▸ EXERCISE AIM
In the data below, find the line that contains "SABRINA, ADOPTABLE, Adult" and the line that contains "Lesser Yellowlegs - ML641257029". Copy both, plus every line between them, exactly.

▸ INPUT DATA
--- START ---

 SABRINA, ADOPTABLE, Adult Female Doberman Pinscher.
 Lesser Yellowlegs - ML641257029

--- END ---
--- START ---

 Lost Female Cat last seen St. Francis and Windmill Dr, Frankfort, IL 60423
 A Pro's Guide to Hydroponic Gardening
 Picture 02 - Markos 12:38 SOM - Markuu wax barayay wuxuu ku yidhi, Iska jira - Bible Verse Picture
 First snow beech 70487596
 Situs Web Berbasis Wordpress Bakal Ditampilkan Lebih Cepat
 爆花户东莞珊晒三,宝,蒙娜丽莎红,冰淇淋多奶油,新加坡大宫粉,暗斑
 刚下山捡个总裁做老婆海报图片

--- END ---

▸ REPLY
 SABRINA, ADOPTABLE, Adult Female Doberman Pinscher.
 Lesser Yellowlegs - ML641257029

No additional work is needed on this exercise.